This is a new venture. I have no idea why I'm doing it. It was just a thought that sprung to my head and I've sat down to do it without any consideration as to the good, or the bad, that may come of it. God knows what I'll end up saying on this page in the future. It could get me cancelled at some stage. Or it could win me a Pulitzer Prize. Although one of those is more likely than the other. I'll let you decide which.
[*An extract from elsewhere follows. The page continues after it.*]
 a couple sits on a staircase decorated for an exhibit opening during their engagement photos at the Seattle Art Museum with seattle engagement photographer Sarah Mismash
I've taken a huge step back from music over the past few months. So much so that I've hardly picked up my guitar. My poor electric hasn't been played in months in fact. My final year of college has been all consuming. I submitted my dissertation a couple of weeks ago and that was a massive weight off my shoulders. I remember having a cast removed from my leg after an operation on my ankle when I was 17 and feeling my leg immediately start to elevate. It was a similar feeling submitting my dissertation, except this time it was my mind and soul that began to rise. Although I still have one essay and one exam left in my college career, that elevation has allowed me to peak back over the wall where music exists and start to look at possibilities on the other side.
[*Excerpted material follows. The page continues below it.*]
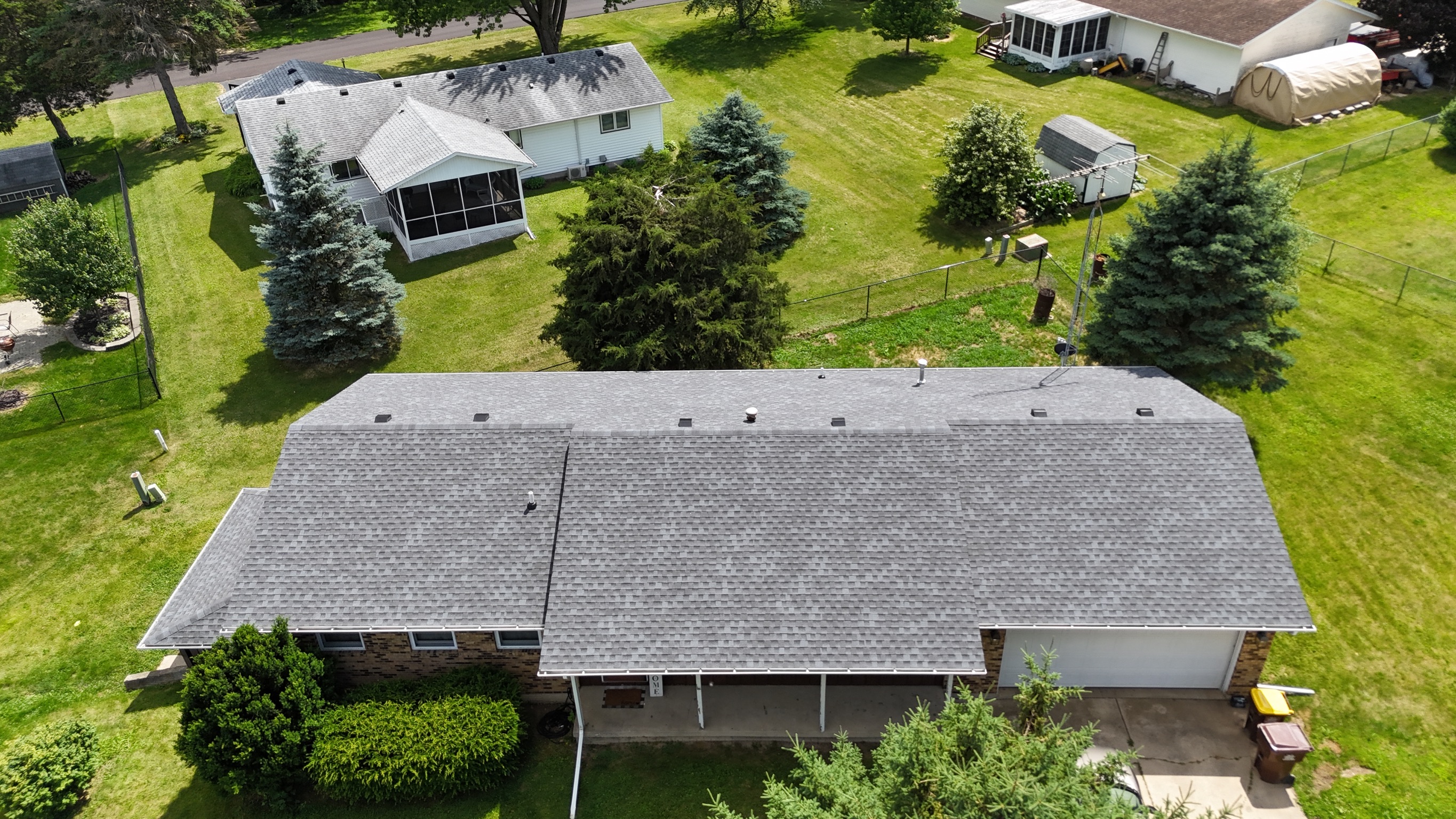 Completed gray architectural shingle roof installation.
I want to record an album this year. That's my goal for the next eight months. I also want to be gigging more now that I should have the time and energy. I suppose starting this little weekly scrawl is my way of pushing myself back into a space where I can achieve these things. A method of encouraging myself to start taking the steps that I considered college to be preventing me from taking. If you are entertained by it, then great. I suppose it has some other use. As an independent artist though, struggling away all by my lonesome, it is a way of keeping myself relevant. And getting clicks into this website. It costs me €20 a month to run this thing and it's been sitting idle for a long time now. I could have a Sky Movies subscription instead. So I suppose I better start using it.
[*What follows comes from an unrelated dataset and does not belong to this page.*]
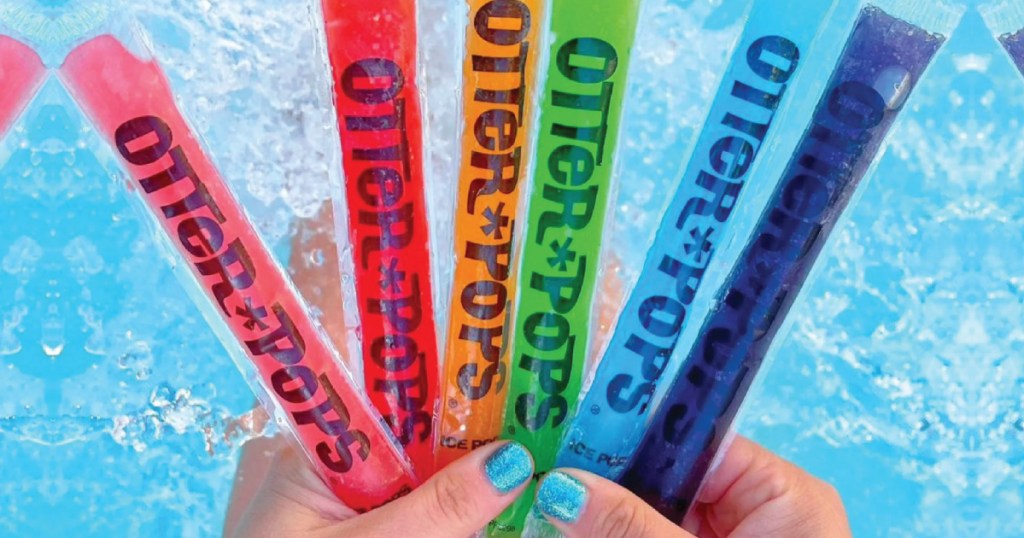 person holding up otter pops in front of blue water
I have this very unusual feeling of transition at the moment. College is a safe, secure space to be for four years. Emerging from it with a desire to stay in Dublin has its own costs. I'm immediately on a job hunt. There's no down time to be had. I'm straight into LinkedIn and Indeed like a bulldozer intent on burrowing its way through a job's centre. My conundrum is an old one that everyone experiences at some stage of their lives - time or money? I need both to pursue any sort of a music career. Time to record, play gigs, write. Money to record, get to gigs, support my writing. Added costs of rent, bills and being a social creature don't help the matter. Do I work part time to give myself the time to work on music, living on a breadline and worrying about not being able to pay for recording sessions, equipment, this website? Or do I live the dream in full time employment, hoping that people will be around outside the 9-5 to work on the different projects I have planned, fear burning myself out, and get too comfortable to ever take a leap back into music as a full time project?
I suppose it very much depends on what I want to do. If a full time job comes up that I know I'll adore, I'll jump at it. My mother has always said that I'm extremely fortunate though, that things land in my lap. She's right, I am pretty lucky sometimes. If I'm successful with my Basic Income for Artists application (which is the greatest scheme ever introduced in this country for creatives and I acclaim the arts minister with thunderous applause for introducing it) I'll be sorted, and I'll be able to do everything I want to do. Realistically though, what are the chances? Cross your fingers for me, I'll have mine crossed for you.
I suppose the one thing that this first entry does represent is a new beginning. Whatever position I end up in within the next month, I know that music will be my primary focus. That in itself is exciting. Some friends have it totally figured out what they want to do next. I have an idea, realising it is the next challenge.